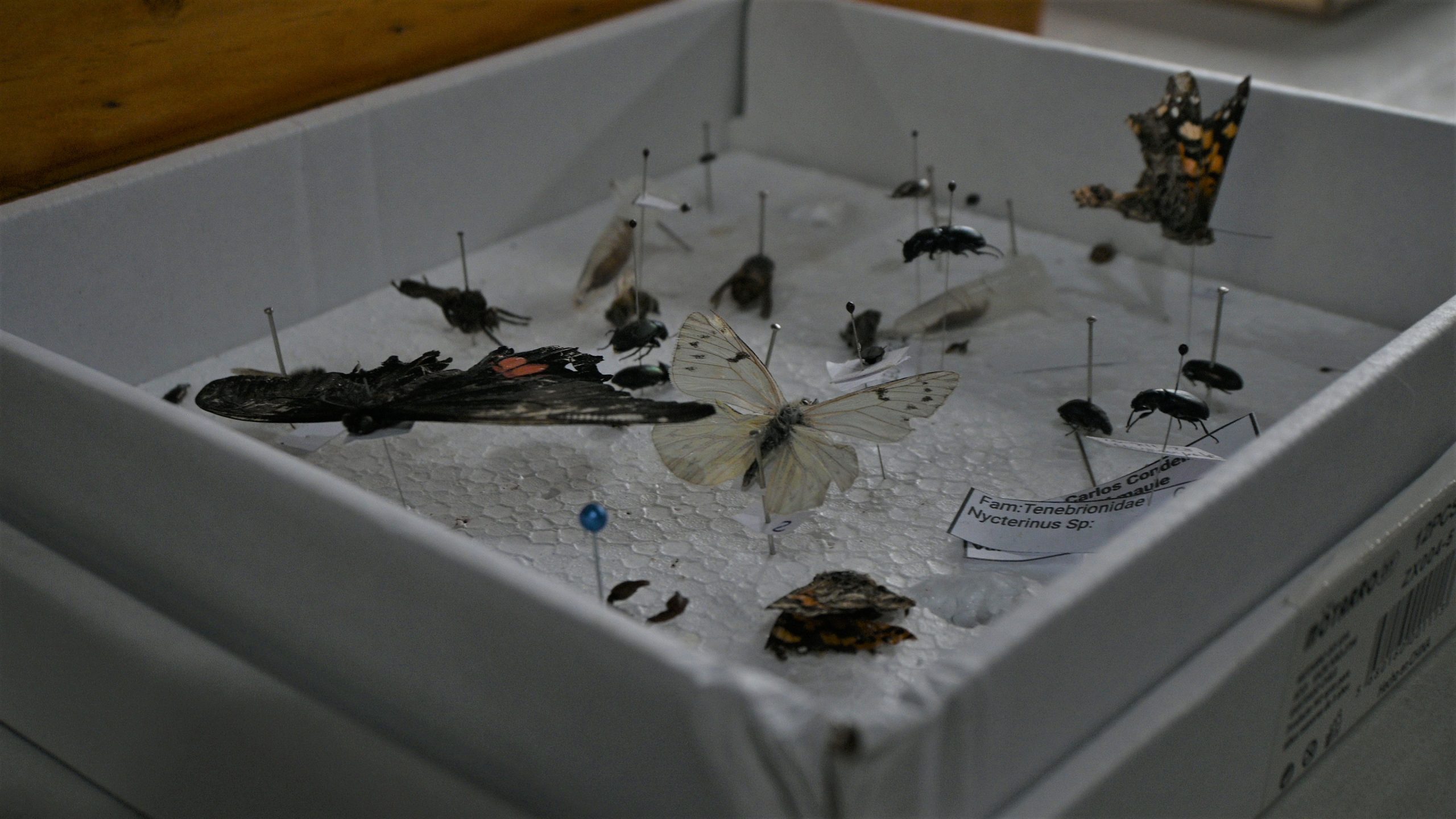 Estudiantes del curso Entomología Agrícola exhibieron sus insectarios en el Campus Colchagua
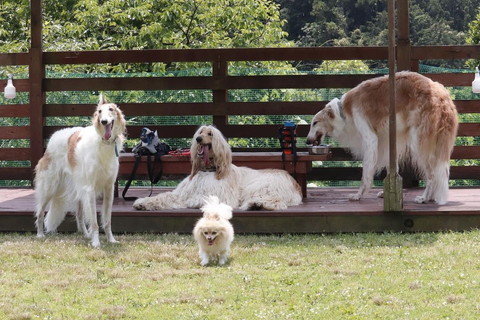 ボルゾイと小型犬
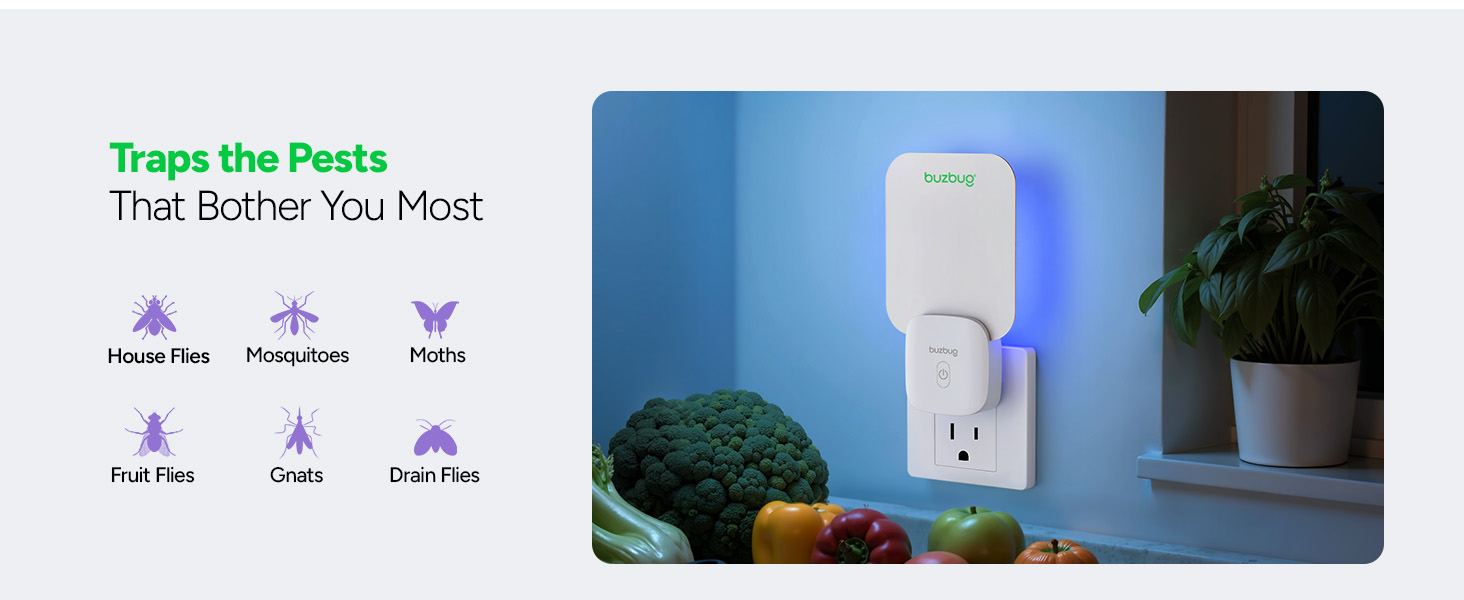 This fruit fly killer has no zapping, odors, or mess. The glue cards face inward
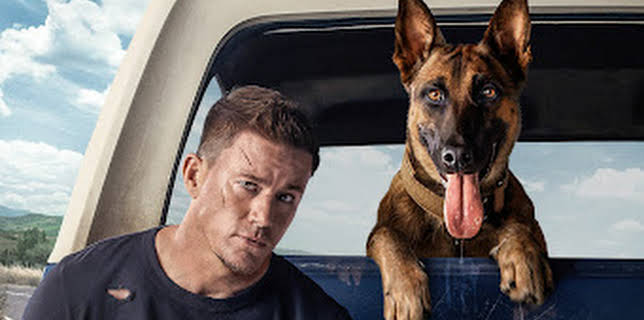 11:00 PM: Dog (IMDb 6.5) | Channel 4 | 2/22 2026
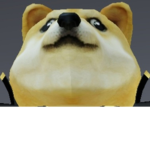 The Doge Ninjas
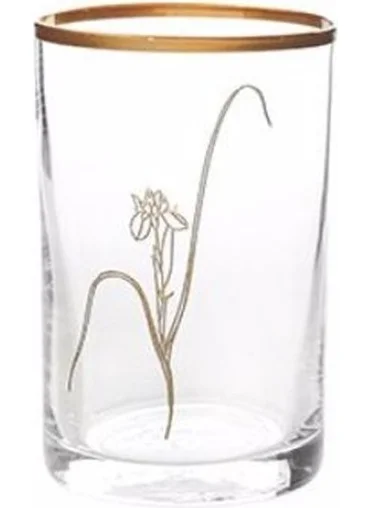 Porland Botanical Mini 3-Piece Glass Set 100CC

EXERCISE: Each line from the line containing "The Doge Ninjas" through the final line of the data above must be retyped exactly; nothing else, and no pictures, may appear.

EXERCISE RESULT:
 The Doge Ninjas
 Porland Botanical Mini 3-Piece Glass Set 100CC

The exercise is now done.